Where an image appears in the data, omit it and reproduce the rest exactly.

- [Source data]
►

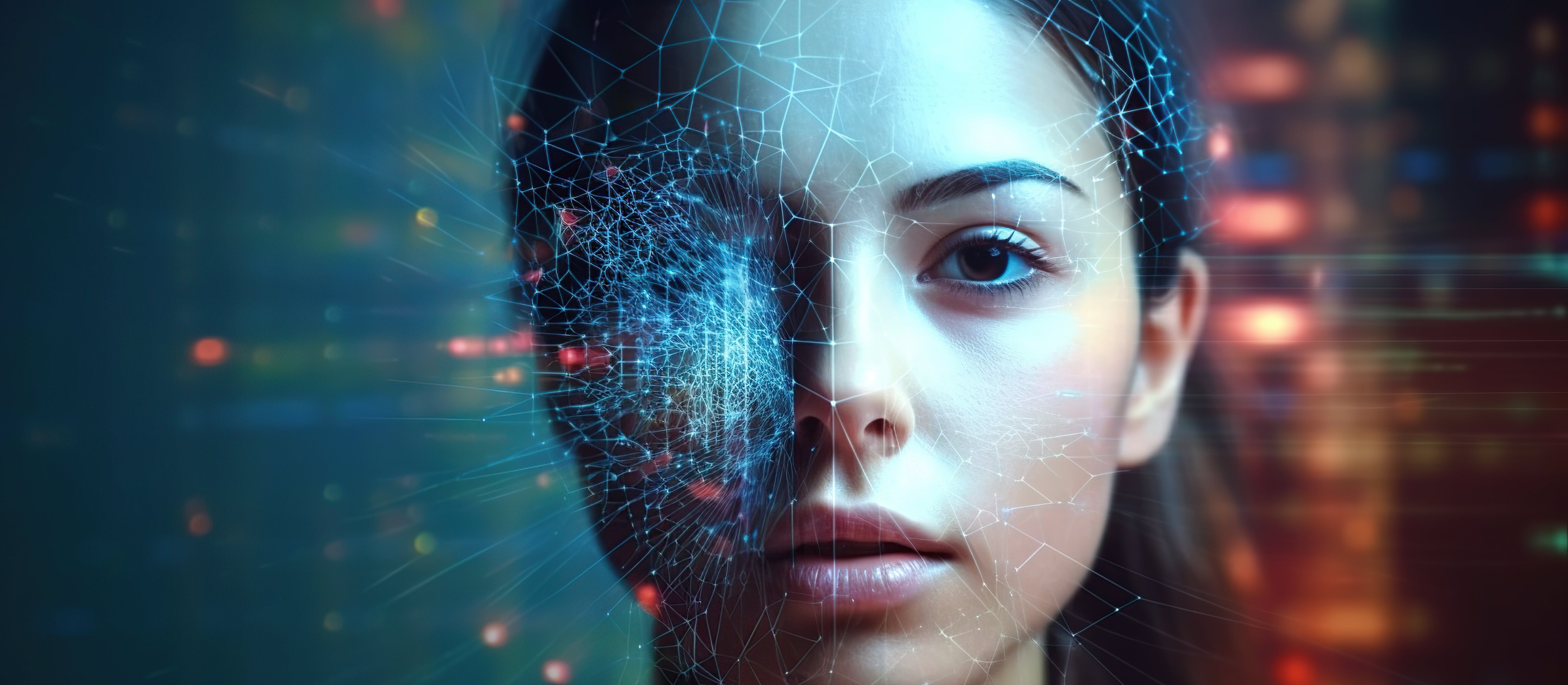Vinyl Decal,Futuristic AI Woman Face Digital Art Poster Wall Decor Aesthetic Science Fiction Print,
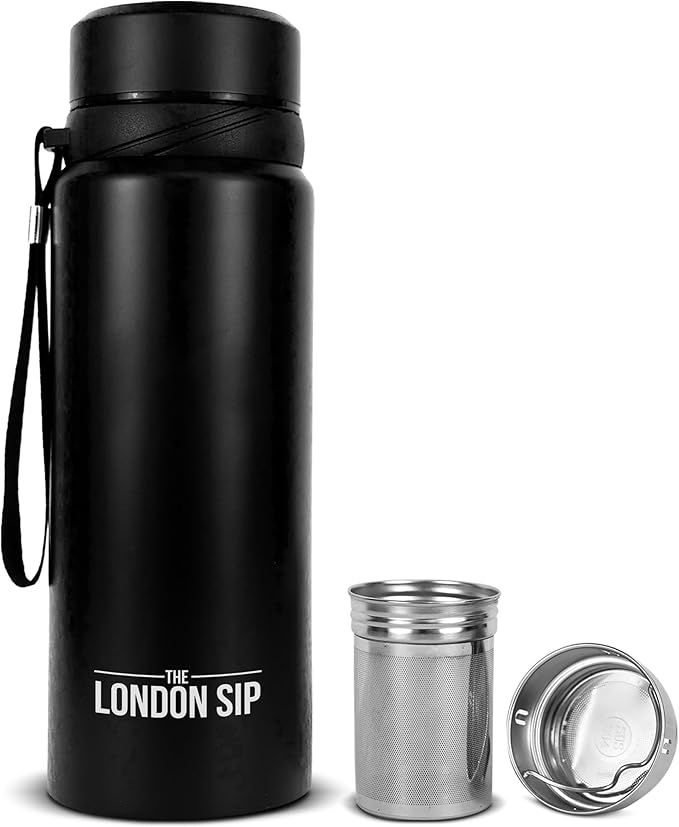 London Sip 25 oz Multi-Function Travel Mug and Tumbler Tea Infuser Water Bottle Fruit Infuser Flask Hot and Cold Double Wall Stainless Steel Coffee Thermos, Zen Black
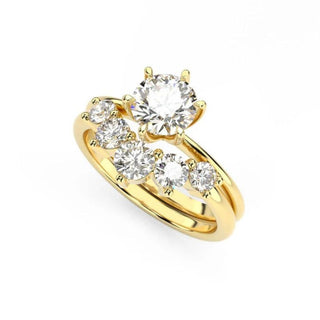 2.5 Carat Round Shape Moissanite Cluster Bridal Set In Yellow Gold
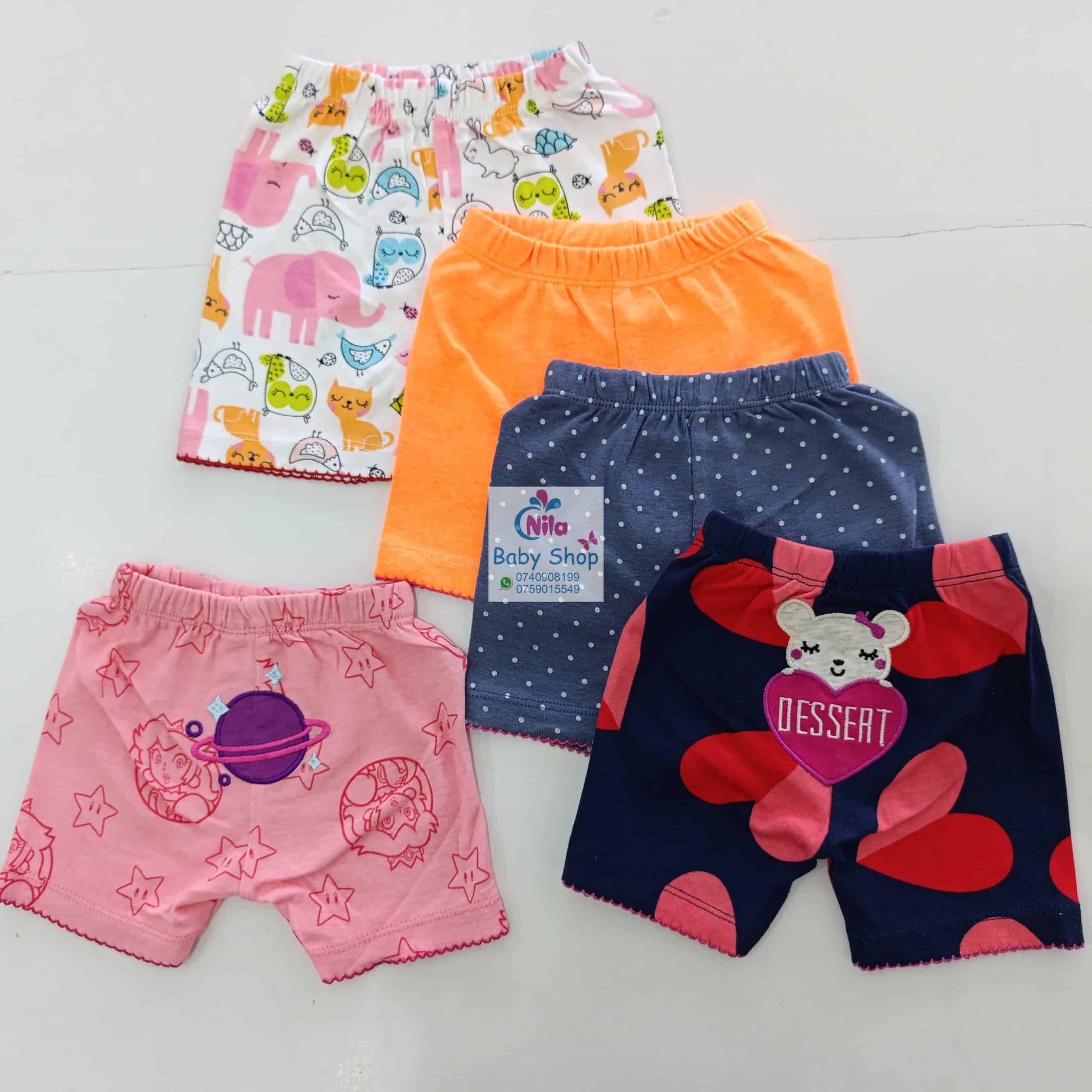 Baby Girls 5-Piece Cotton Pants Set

◄

- [Written answer]
Vinyl Decal,Futuristic AI Woman Face Digital Art Poster Wall Decor Aesthetic Science Fiction Print,
 London Sip 25 oz Multi-Function Travel Mug and Tumbler Tea Infuser Water Bottle Fruit Infuser Flask Hot and Cold Double Wall Stainless Steel Coffee Thermos, Zen Black
 2.5 Carat Round Shape Moissanite Cluster Bridal Set In Yellow Gold
 Baby Girls 5-Piece Cotton Pants Set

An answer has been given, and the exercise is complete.